Hernando me invitó a participar de la clase de tecnología. Era la primera clase de ese año lectivo. Debíamos preparar la tierra primero. Los varones hacían el trabajo duro de remover la tierra endurecida durante los tórridos meses de verano. Era apenas una cáscara, y enseguida empezaba a aparecer la tierra sana, húmeda y oscura. Las chicas se encargaban de arrancar los oportunistas yuyos para que las semillas que íbamos a sembrar puedan brotar sin escollos. El yuyal era terco, resistente. Como las espigadoras, había que agacharse, tironear para doblegar ese tenaz entretejido.

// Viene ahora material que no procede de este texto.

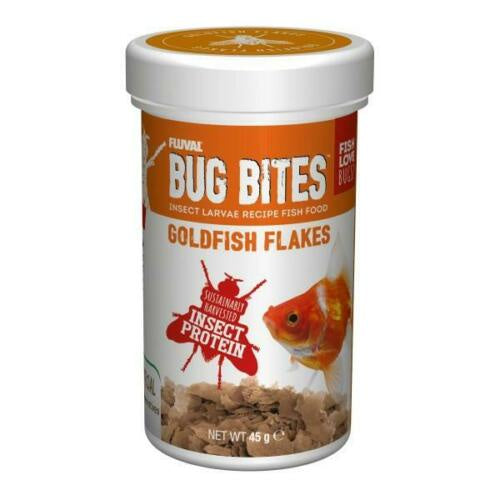 Fluval Bug Bites Gold Fish Flakes 45g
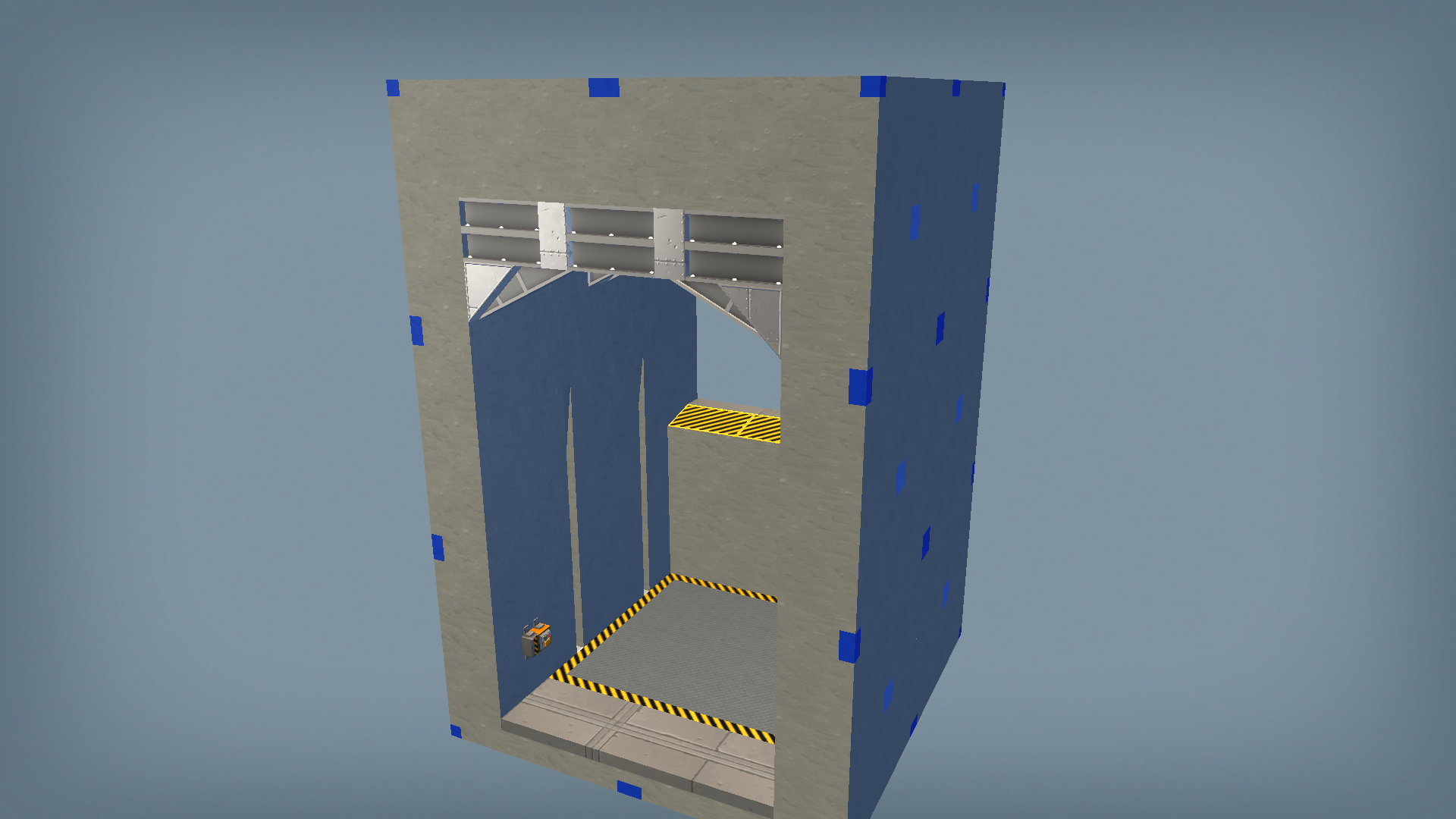 b3k block large freight elevator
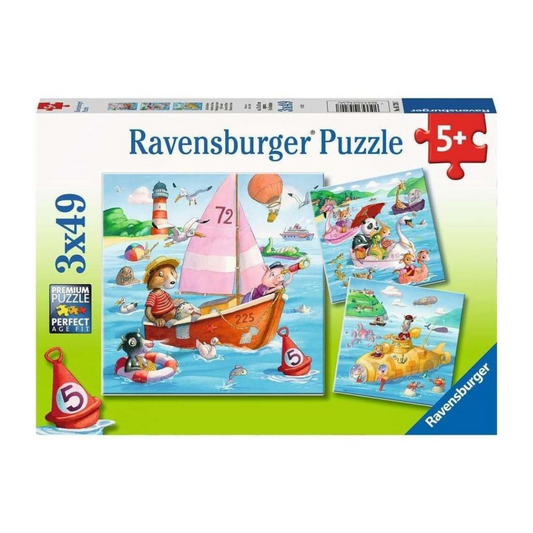 Ravensburger Fun On The Water Puzzle 3x49pc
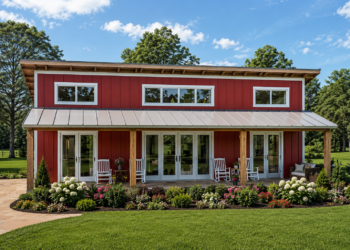 1170 Sq. Ft. Modern Plan with 2 Bedrooms, 2 Bathrooms, Vaulted Great Room, and Outdoor Living
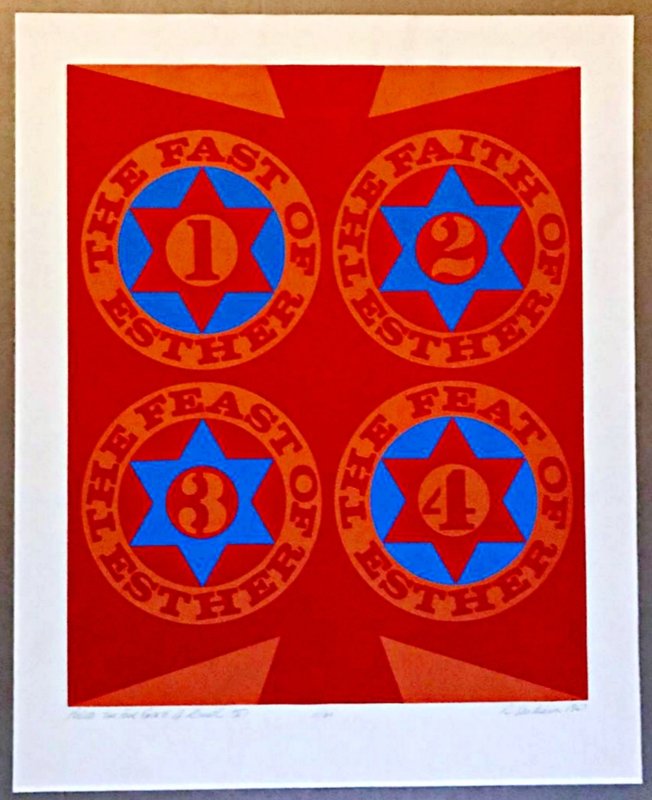 view:34861 - Robert Indiana, Purim: The Four Facets of Esther (II) [Sheehan, 36] - 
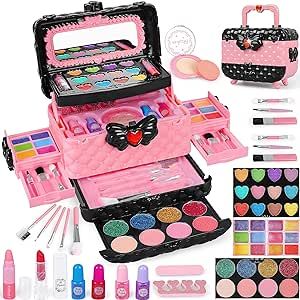 things to buy on amazon makeup for girls gift for kid Kids Makeup Kit, Makeup Kit For Kids, Barbie Makeup, Cosmetic Sets, Lots Of Makeup, Kids Makeup, Back To School Hairstyles, Makeup Box, Halloween Stuff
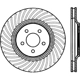 Purchase Top-Quality Disque de frein à disque avant par CENTRIC PARTS - 121.61044 pa4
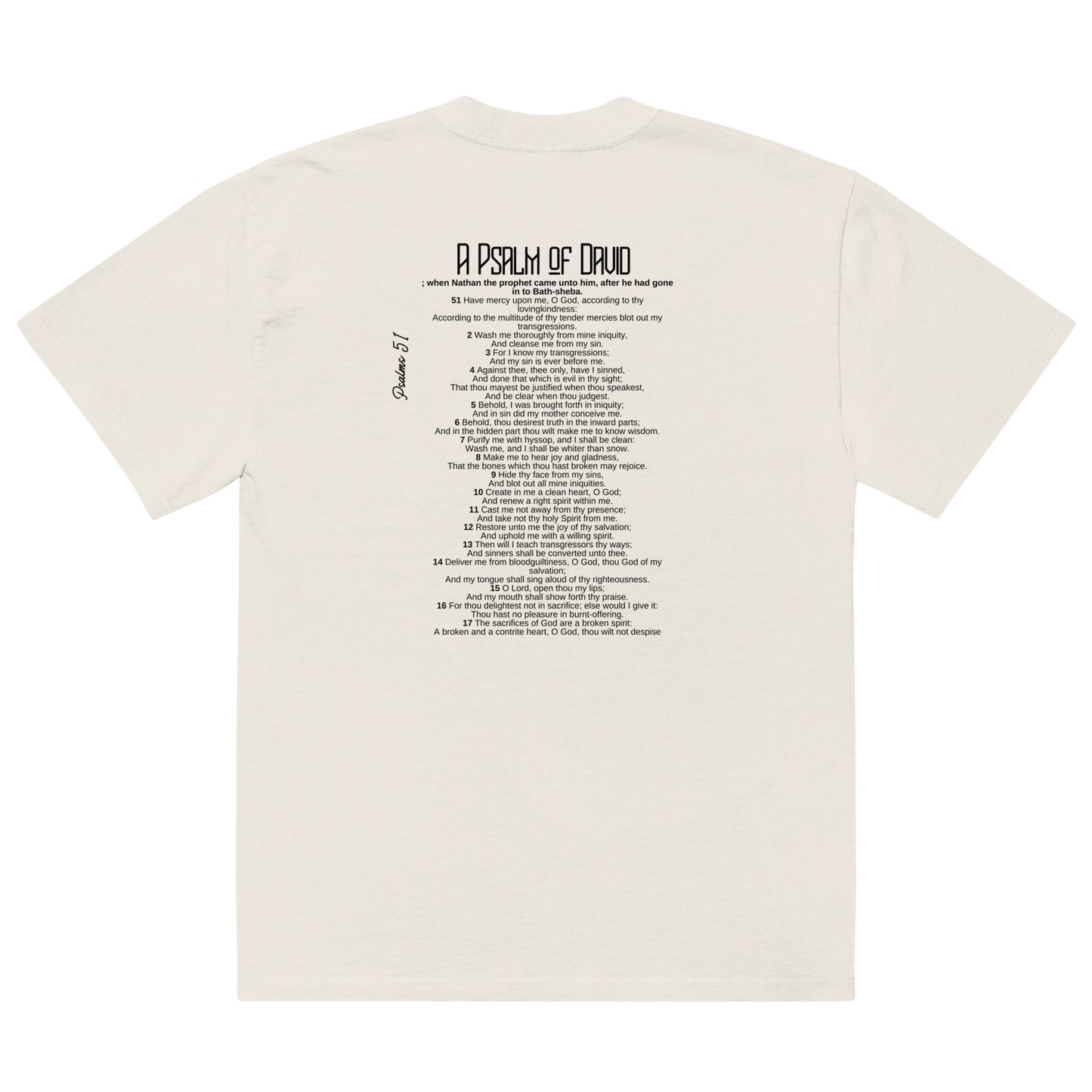 A Psalm of David, Oversized faded t-shirt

Ayudé un rato a las chicas, pero luego le pedí a Hernando que me preste una pala para colaborar con los varones. Mientras clavaba la pala en la tierra, y la veía asomar, respirando, me sobrevino una profunda emoción que hizo brotar alguna lágrima rápidamente disimulada. Cierto que esos movimientos corporales estaban atravesados por una historia continental de expropiación de ese vínculo originario con la tierra, de esa relación de cuidado, de amor por la tierra, que se había convertido en trabajo esclavo, sujeción, castigo y sufrimiento para convertirla en mercancía. ¡Cuánto dolor había implicado el mundo abstracto en el que vivimos! De repente sentí que estaba haciendo un duelo, ese que cada uno de nosotros estábamos postergando sin saberlo. Nosotros, los que vivimos en la abstracción de la mercancía, encarnada en el hacinamiento de la gran ciudad, en la especulación financiera, en las redes sociales, en la mediación permanente de los dispositivos electrónicos, en el olvido de la tierra, del cuidado y del amor por ella.

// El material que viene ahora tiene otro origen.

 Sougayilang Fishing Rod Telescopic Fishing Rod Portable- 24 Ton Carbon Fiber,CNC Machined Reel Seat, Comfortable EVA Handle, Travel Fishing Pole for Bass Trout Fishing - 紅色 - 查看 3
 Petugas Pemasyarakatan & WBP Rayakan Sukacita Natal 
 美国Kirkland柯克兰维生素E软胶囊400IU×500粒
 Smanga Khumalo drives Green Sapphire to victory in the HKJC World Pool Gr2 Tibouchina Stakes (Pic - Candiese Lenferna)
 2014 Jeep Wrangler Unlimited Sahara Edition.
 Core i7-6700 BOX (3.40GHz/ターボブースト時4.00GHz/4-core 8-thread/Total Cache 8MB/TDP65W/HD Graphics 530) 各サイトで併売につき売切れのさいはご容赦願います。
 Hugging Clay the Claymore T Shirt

En otras Provincias, otras escuelas, otros lugares, como la huerta de Hernando, se da la batalla diaria a los grandes terratenientes que mediante el arrendamiento, la compra o la expropiación violencia -otra vez- arrojan a los habitantes de esas tierras a los asentamientos en torno a las pequeñas y grandes ciudades se hacen cada vez más grandes. La Directora nos cuenta que las escuelas rurales cada vez tienen menos alumnos. Muy pocos son los paisanos que pueden mantener sus pequeñas chacras de subsistencia, cuyos hijos eran los que asistían a las escuelas; cuando no deben llevarlos, en lugar de a la escuela, a trabajar en el desmonte, única fuente de ingresos que encuentran. 

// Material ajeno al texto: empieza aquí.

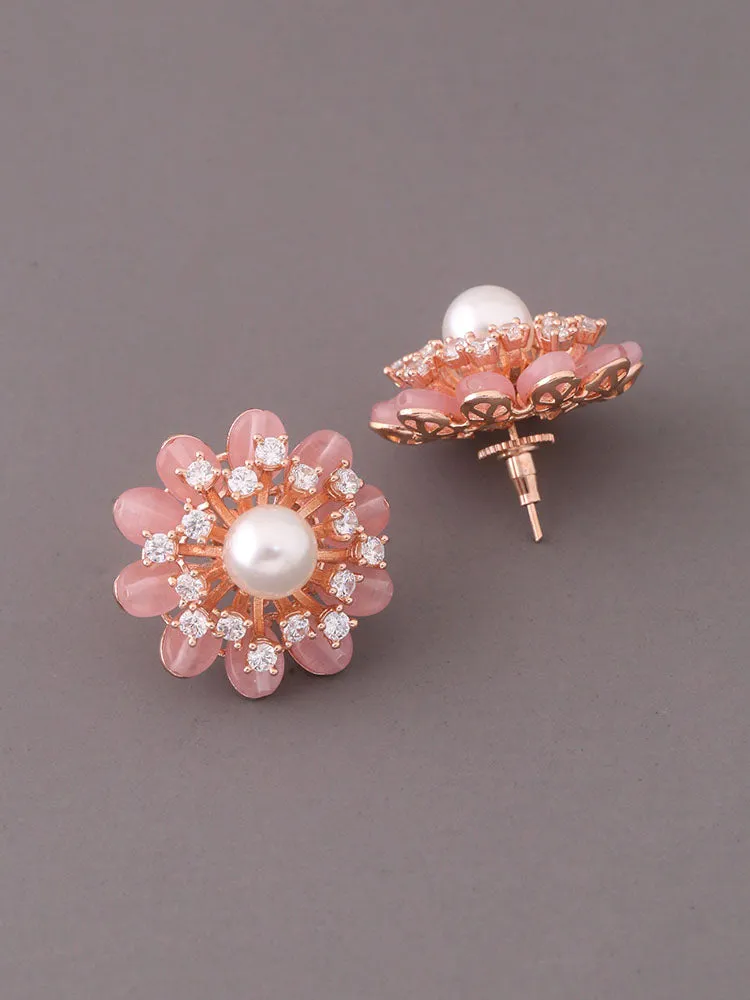 Blush Pauline Zirconia Studs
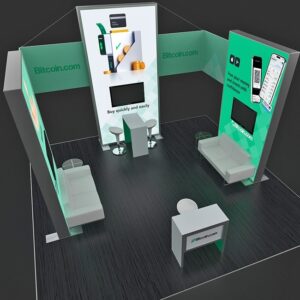 Custom Trade Show Booth - Bitcoin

Ojalá la clase política se atreva a dar esta batalla, en lugar de dejar que siga avanzando el sojización, conformándonos con un porcentaje de retención que permita solventar la desgracia de las familias expropiadas u obligadas a migrar a los suburbios de las grandes ciudades. Rechazar el duelo, pensando que se trata de ecologismo bobo, no es otra cosa que postergarlo. Elaborarlo no significa vivir en la ilusión de un pasado prístino e ideal, sino pensar nuevas formas de relacionarnos con la Tierra, que nos permitan subsistir, sin entregarle la cosa a un pequeño grupo de rapaces terratenientes que supuestamente conocen la forma más eficiente de explotación, mientras destruyen la Tierra y a sus habitantes. De lo contrario las escuelas rurales ya no tendrán sentido. La huerta de Hernando desaparecerá junto con sus enseñanzas. Y nuestra Tierra, y nosotros seremos definitivamente una abstracción real.